How difficult can it be to count how many micro, small, and medium enterprises (MSMEs) there are in the world, and to estimate what their demand for financing really is? (Let’s make it a bit easier by limiting the scope of the question to their appetite for financing – no need to bother trying to think about the broader range of services – payments, forex, savings and investments, advisory services – also used by MSMEs on a daily basis throughout the world).
It turns out that it’s considerably easier to formulate the question than it is to find an answer. But in the context of the work IFC had been mandated to undertake by the G20 leaders after the Pittsburgh summit in September 2009, some kind of response to the question seemed to be required…..after all, we all know that there are huge numbers of MSMEs around the world whose needs are not being met, right? And if the G20 leaders were going to make support for the MSME sector into one of their key objectives, we’d better make sure that they were not heading off on a wild goose chase, wasting their time.

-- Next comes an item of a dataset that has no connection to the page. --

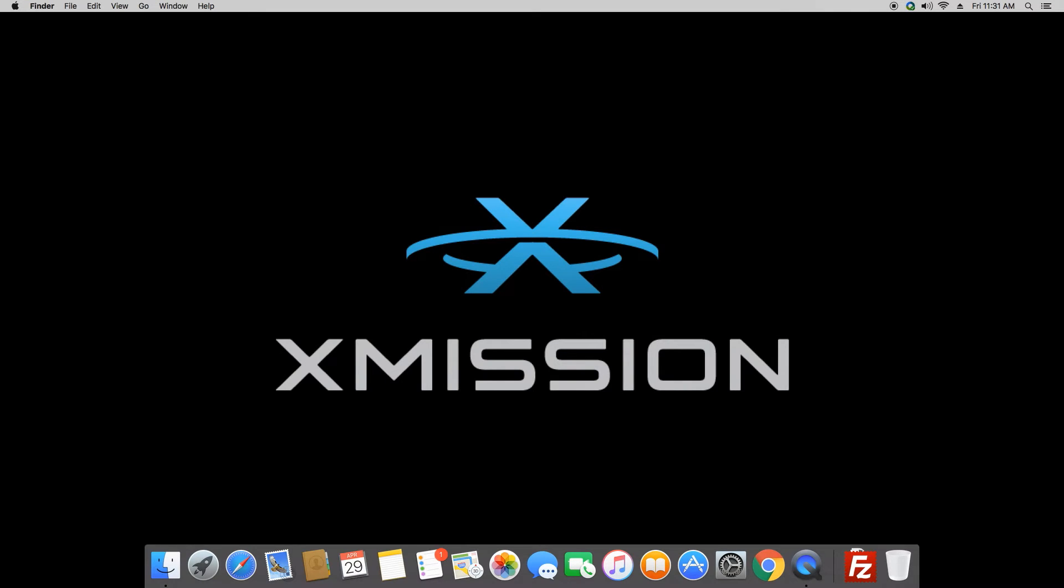Hello everyone, Michael here from X-Mission Support. Today we're going to walk you through setting up your X-Mission email on your Mac. Let's go ahead and get started.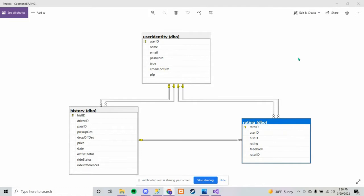This is our database, small but efficient. This is our user table, which holds all our users. User ID is an auto-incremented ID number. Name is the user's first and last name. Email is their email, and password is their hashed password. Type is how we know if they're a driver, passenger, or an admin, held as a type char for space. Email confirmation is also a type char, and this is to confirm if they confirmed their email or not.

So – where to start? IFC commissioned McKinsey & Company to look into this question and a joint report was delivered in June 2010. The work focused on trying to understand the broad potential in the global MSME segment by looking both at the scale of the universe and its demand for financing. The findings at least seemed to confirm what we all intuitively felt:
- There are certainly lots of enterprises in this segment – between 375 and 450 million MSMEs globally
- A majority of these enterprises operate informally – over 55 of MSMEs are in the informal sector
- Large numbers of enterprises are in the micro and very small segment, and the proportion of enterprises in the ‘SME’ segment is pretty small – say around 10% of the total
- The extent of the credit gap amounts roughly (what’s a trillion dollars amongst friends?) to between USD2.5 and 3.5 trillion. (If we exclude the high income OECD markets, the figure falls to somewhere in the range USD1.5 – 2.5 trillion)
- The credit gap in emerging markets lies between USD1.5 and 2.5 trillion
- Around 90% of MSMEs in emerging markets are classified as unserved or underserved; close to half of the same MSMEs also have no deposit account, and their un-intermediated cash balances are calculated to be close to USD500 billion.
And yet the findings raise almost as many (if not more) questions than they really answer, since what emerged was the fact that countries around the world are consistent in their inconsistency of definitions of the MSME segment – shall we count the number of employees? annual turnover? asset size? some combination of the above? And let’s not even talk about the difficulties involved in assessing the size and contribution of the informal sector.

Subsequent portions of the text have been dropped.